As the casebook notes (p. 695), in the wake of conflicting lower court rulings, the Supreme Court agreed to decide whether challenges to the Obama administration’s “waters of the U.S.” (WOTUS) rule, should be brought first in the U.S. Courts of Appeal or federal district courts. The WOTUS rule sought to bring much-needed clarity to the reach of federal jurisdiction under the Clean Water Act in the aftermath of the Court’s 4-1-4 split in Rapanos v. U.S., 547 U.S. 715 (2006).  After the WOTUS rule, which was jointly promulgated by EPA and the U.S. Army Corps of Engineers, became final in 2015, 80 Fed. Reg. 37054, lawsuits challenging the rule were filed in several federal district courts and U.S. Courts of Appeals.  The challenges filed in the U.S. Courts of Appeal were consolidated in the Sixth Circuit.  While expressing some doubts concerning whether it was the proper venue for filing initial challenges to the rule, a panel of the Sixth Circuit refused to dismiss the case for lack of jurisdiction and issued a nationwide stay of the WOTUS rule.  In re Dept. of Defense, 817 F.3d 261 (6th Cir. 2016).

A week before President Trump took office, the Supreme Court agreed to review the Sixth Circuit’s decision at the behest of petitioner National Association of Manufacturers.  Shortly thereafter President Trump issued an executive order directing EPA and the Corps to consider revising or rescinding the WOTUS rule.  Exec. Order 13778, 82 Fed. Reg. 12497 (2017).  The government then asked the Court to put the case on hold pending its reconsideration of the WOTUS rule.  On April 3, 2017, the Supreme Court denied this motion.

On January 22, 2018 the Supreme Court reversed the Sixth Circuit and decided that proper venue for challenges to the “waters of the U.S.” rule lies in the federal district courts and not the U.S. Courts of Appeal. National Association of Manufacturers v. Department of Defense, 138 S.Ct. 617 (2018). Justice Sotomayor wrote the opinion for a unanimous Court. The Court held that the plain language of the judicial review and venue provisions in § 509(b) of the Clean Water Act, 33 U.S.C. §1369(b), does not provide for the filing of initial petitions for review in the Courts of Appeal because the rule was not among the categories of actions for which the statute specified such venue. An excerpt from this decision is included in the casebook’s 2018-19 Statutory and Case Supplement, which was published in July 2018.
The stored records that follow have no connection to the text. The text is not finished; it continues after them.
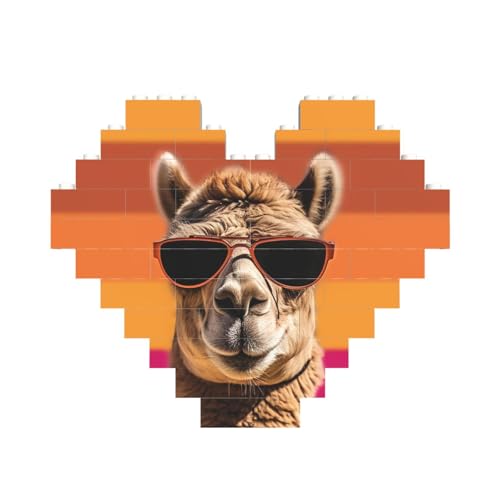Baustein-Puzzle, Kamel mit Sonnenbrille, personalisierbar, für Erwachsene, Bausteine, Puzzle, 3D-Herzblöcke, Puzzle, Ziegelsteine, Heimdekoration, Geschenk Baustein-Puzzle, Kamel mit Sonnenbrille, personalisierbar, für Erwachsene, Bausteine, Puzzle, 3D-Herzblöcke, Puzzle, Ziegelsteine, Heimdekoration, Geschenk von FZQVSLCM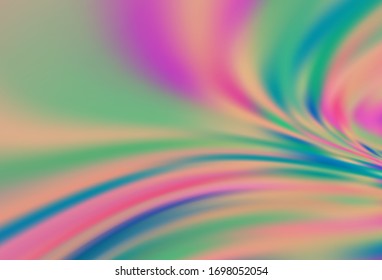 Light Pink, Blue vector blurred bright texture. A completely new colored illustration in blur style. New way of your design.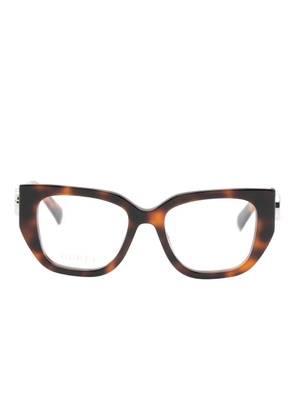 Gucci Eyewear cat eye-frame glasses - Brown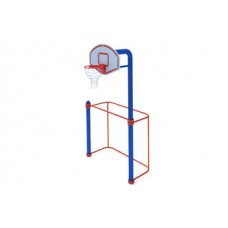 Ворота для игры в мяч и баскетбольная стойка W-06-010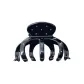 Black Polka Dot Tubas Pumpkin Claw Clip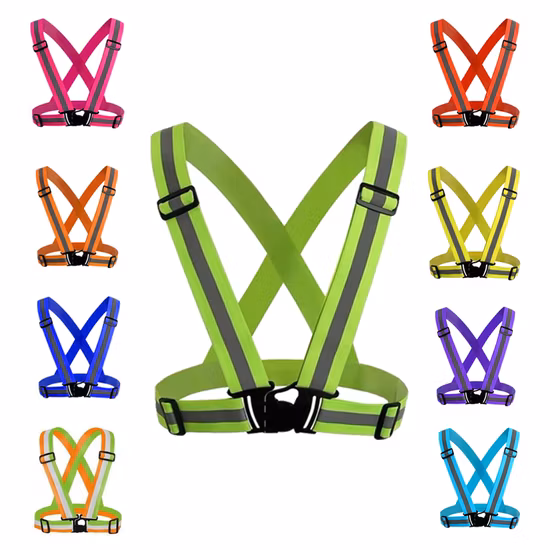 Adjustable Elastic Reflective Belt for Railway Safety, Night Running,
Prior to the Supreme Court’s decision in National Association of Manufacturers v. Department of Defense, 2018 WL 491526 (2018), thirteen states had challenged the WOTUS rule in federal district court in North Dakota.  That court in 2015 issued a stay of the rule in the states that had challenged it (North Dakota, Alaska, Arizona, Arkansas, Colorado, Idaho, Missouri, Montana, Nebraska, Nevada, New Mexico, South Dakota, and Wyoming).  North Dakota v. EPA, 127 F. Supp. 3d 1047 (N.D. 2015).  Now that the Supreme Court has ruled that legal challenges to the WOTUS rule initially must be brought in federal district courts, additional litigation has commenced in federal district courts in Georgia, New York, Texas and South Carolina.  On June 12, 2018 a federal district court in the Southern District of Georgia issued an injunction staying the rule in 11 states (Georgia, Alabama, Florida, Indiana, Kansas, North Carolina, South Carolina, Utah, West Virginia, Wisconsin and Kentucky).

Faced with the dissolution of the Sixth Circuit’s nationwide injunction staying the WOTUS rule, EPA on February 6, 2018, extended the effective date of the rule to February 6, 2020.  EPA states that this will give it time to revise or rescind the rule before it takes effect. On August 16, 2018 a federal district court in South Carolina held this extension violated the Administrative Procedure Act because EPA had not solicited public comment on it.  South Carolina Coastal Conservation League v. Wheeler, No. 2-18-cv-330-DCN (D.S.C. 2018).  This decision effectively reinstates the WOTUS rule in the 26 states in which it has not been enjoined. On Sept. 11, 2018, a federal judge in the southern district of Texas enjoined application of the WOTUS rule in the states of Texas, Louisiana, and Mississippi.  On December 11, 2018, EPA and the Corps of Engineers proposed a revised definition of “waters of the U.S” that seeks to use Justice Scalia’s narrow interpretation that commanded only four votes in Rapanos.